Know What Makes Chives Return
Garden chives (Allium schoenoprasum) grow as tight clumps fed by small underground bulbs. If you tug the leaves, they can snap while bulbs stay in the soil. Chives can also spread by seed if flower heads are left to fade. The University of Illinois Extension notes both habits: clump growth from bulbs and self-sowing when flowers aren’t removed. Illinois Extension chives profile
So the fix has two parts:
- Bulb work: lift and remove the entire cluster, including offsets.
- Seed work: keep flower heads from dropping seed while you’re clearing the patch.
Quick Triage Before You Touch A Tool
Answer these four questions. They point you to the least messy approach.
- Patch size: one clump, a line along edging, or a whole bed?
- Neighbors: is the clump sitting alone, or woven through roots you want to keep?
- Surface: open soil, lawn, gravel, or between pavers?
- Seed stage: flowers forming, open blooms, or dried heads?
If you see flowers or dried heads, clip them first and bag them. That stops you from spreading seed while you work.
How To Get Rid Of Chives In Garden: Step-By-Step
Step 1: Wet The Soil And Mark The Edge
Work in moist soil.

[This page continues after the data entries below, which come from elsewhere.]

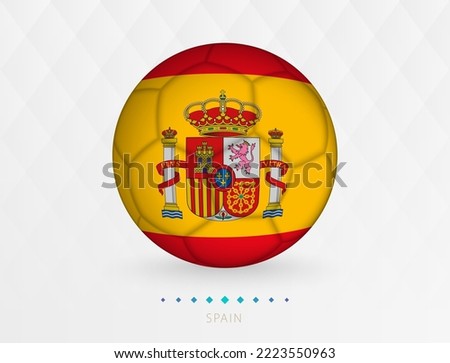 Football ball with Spain flag pattern, soccer ball with flag of Spain national team. Vector sport icon.
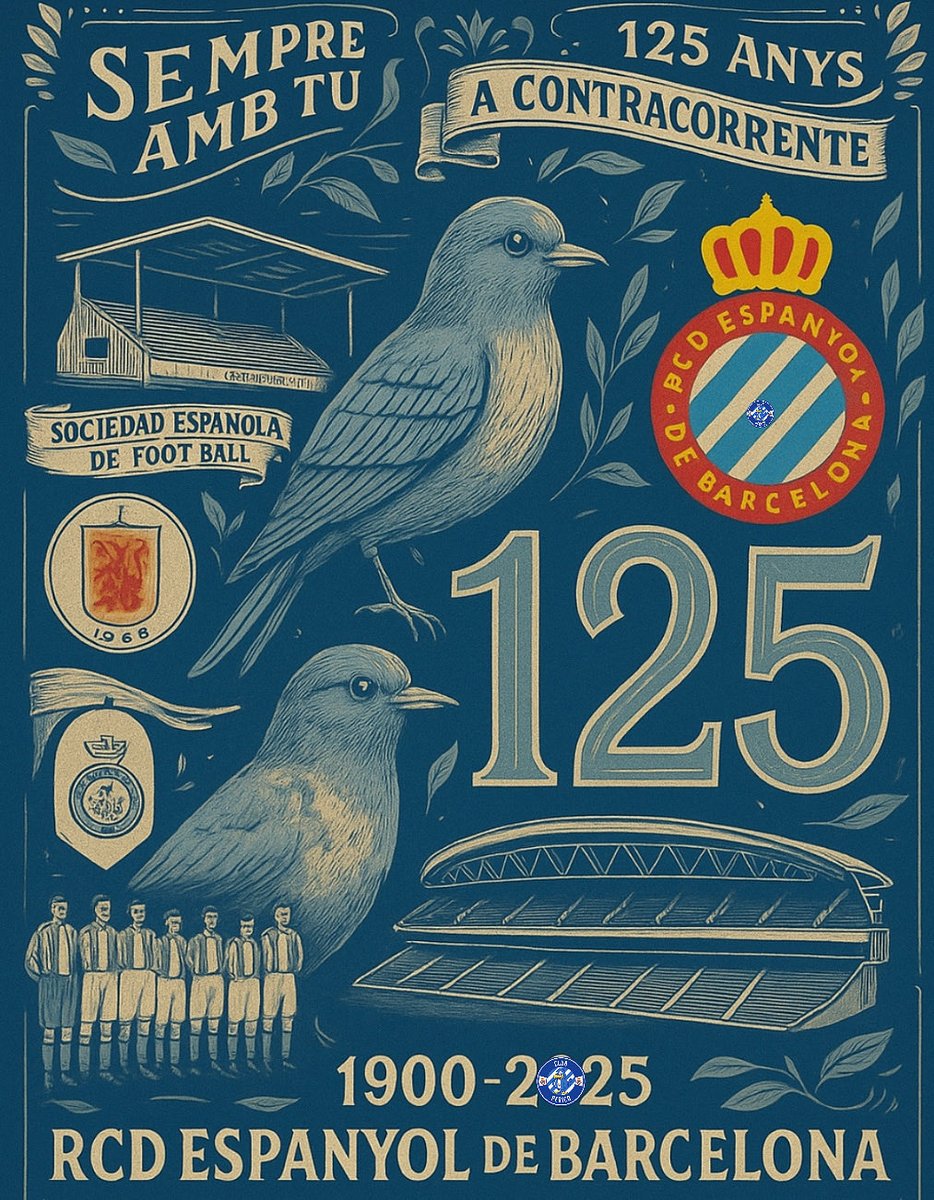 Clubperico's tweet image. #RCDE || 🤍 𝟏𝟐𝟓 𝐀Ñ𝐎𝐒 𝐃𝐄 𝐎𝐑𝐆𝐔𝐋𝐋𝐎 𝐏𝐄𝐑𝐈𝐂𝐎 💙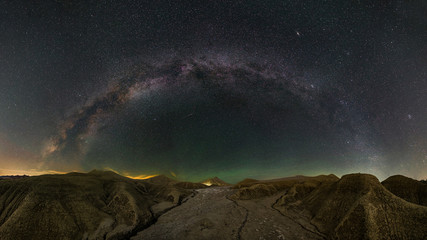 Milky Way panorama over volcano landscape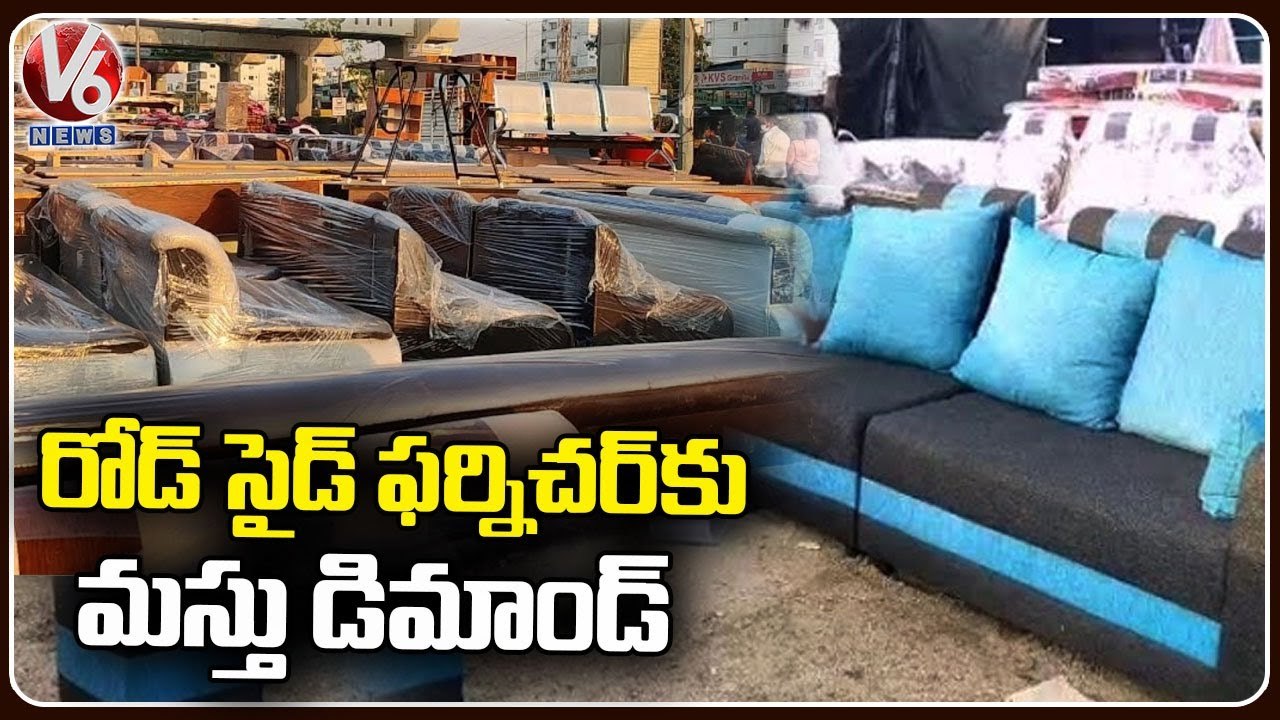 Middle Class People Show Interest To Buy Road Side Furniture _ Hyderabad _ V6 News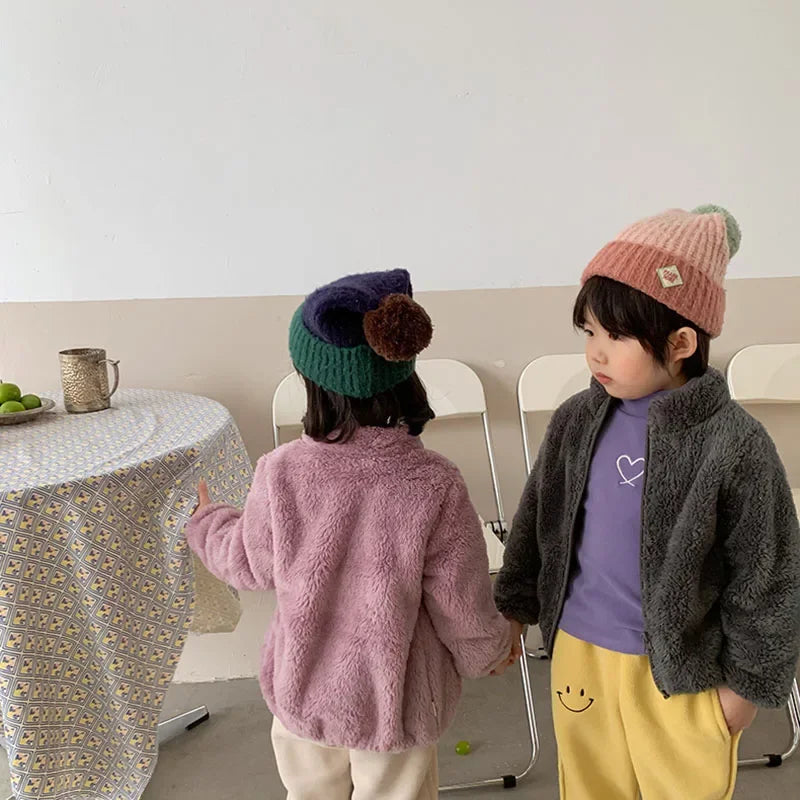 Rosa Mädchen-Jacken, Herbstmantel, Winter-Thermo-Fleecejacke für Kinder, 1, 2, 3, 4, 5 Jahre, Kindermäntel, warme koreanische Oberbekleidung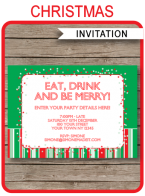 Christmas Party Invitations Template – red & green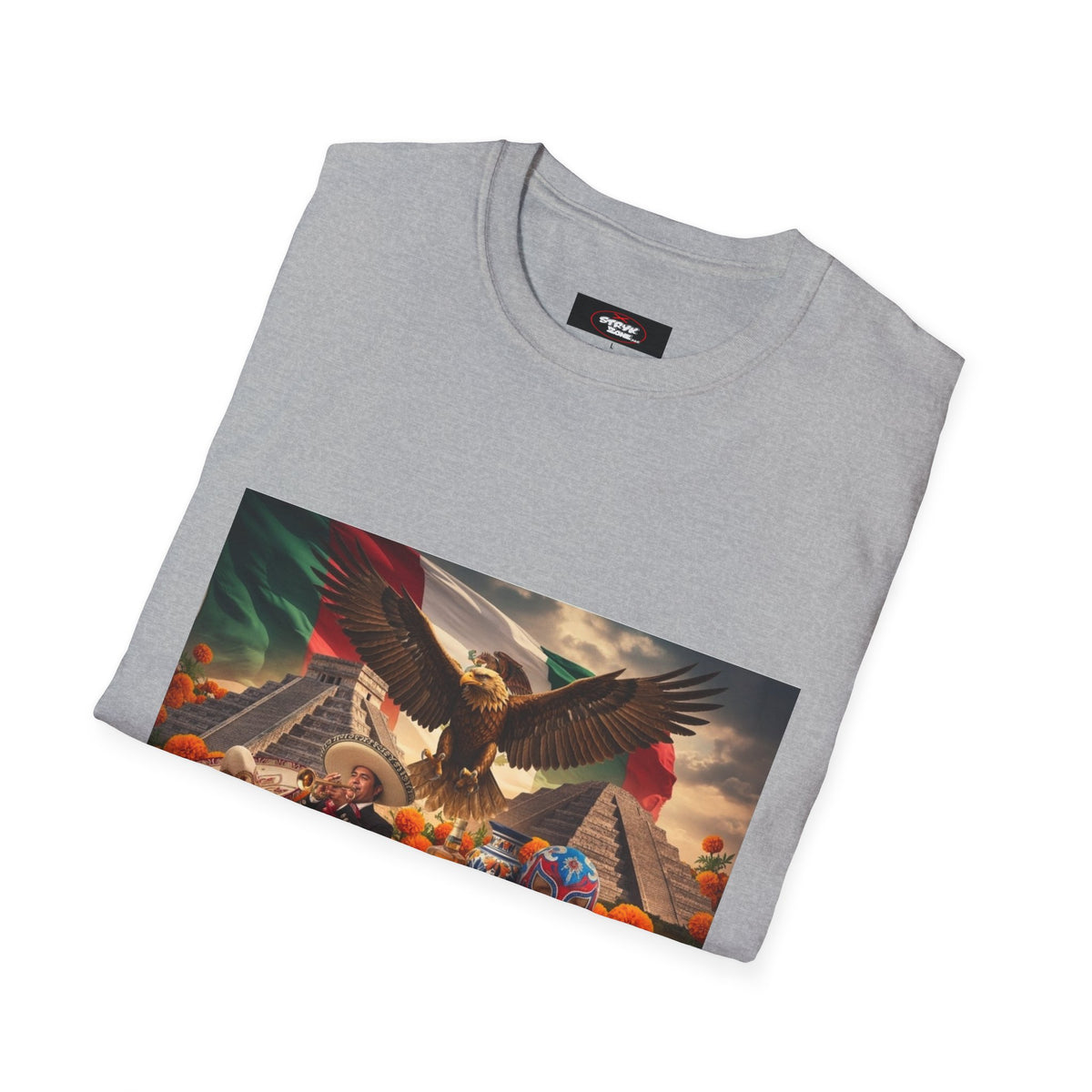 Eagle & Cityscape Graphic T-Shirt — Patriotic Eagle Sunset Design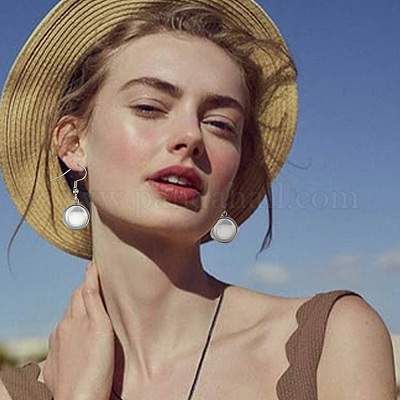 20 пара 4-х стильных висячих серег и серег с пустым стеклянным куполом EJEW-AB00028-1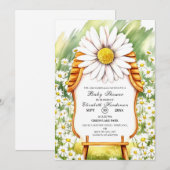Whimsical Flowers Daisy Baby shower Kaart (Voorkant / Achterkant)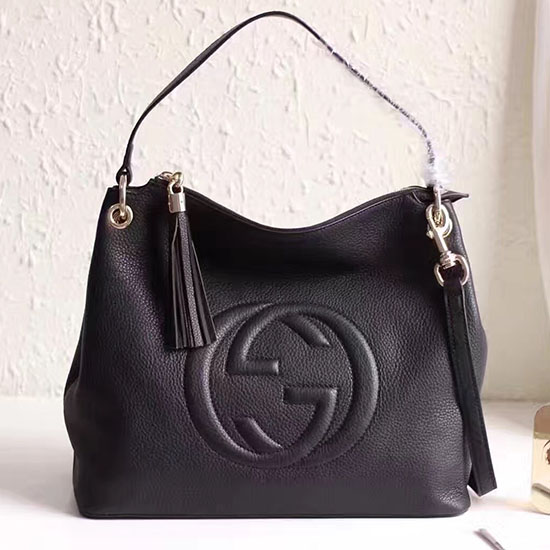 Gucci Soho δερμάτινη τσάντα Hobo μαύρη 408825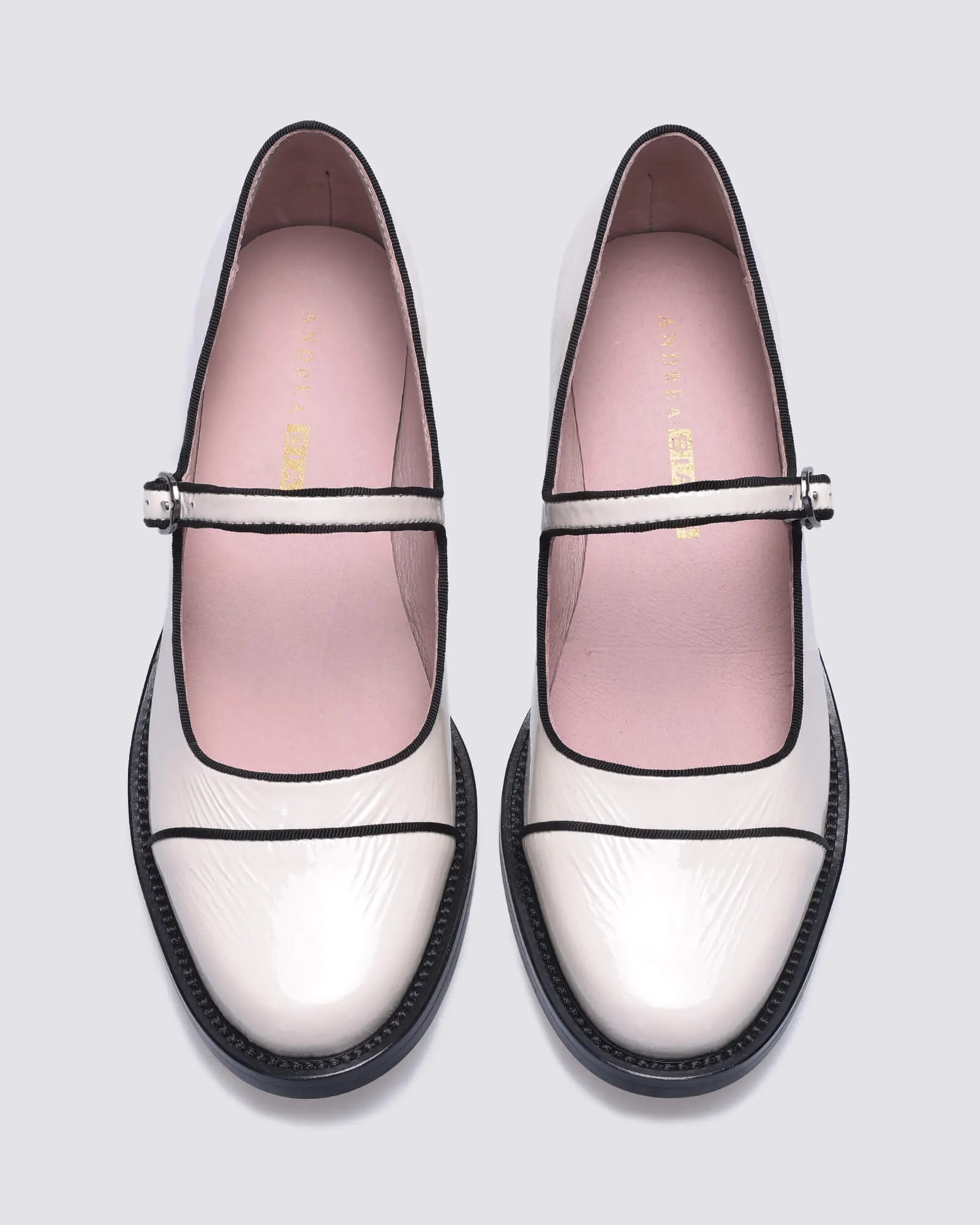 JUICY MARYJANE FLATS ECRU PATENT LEATHER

Water the day before, or dig after rain. Then trace a ring around the patch 3–5 inches outside the leaves. That ring is your “no-cut” zone where bulbs may be hiding.
Step 2: Lift The Clump Without Slicing It
Slide a garden fork into the ring, rock it back to lift the soil, then repeat around the patch. Once the soil loosens, slip a spade under the clump and lift the whole mass like a shallow plate. Drop it onto a tarp so you can work cleanly.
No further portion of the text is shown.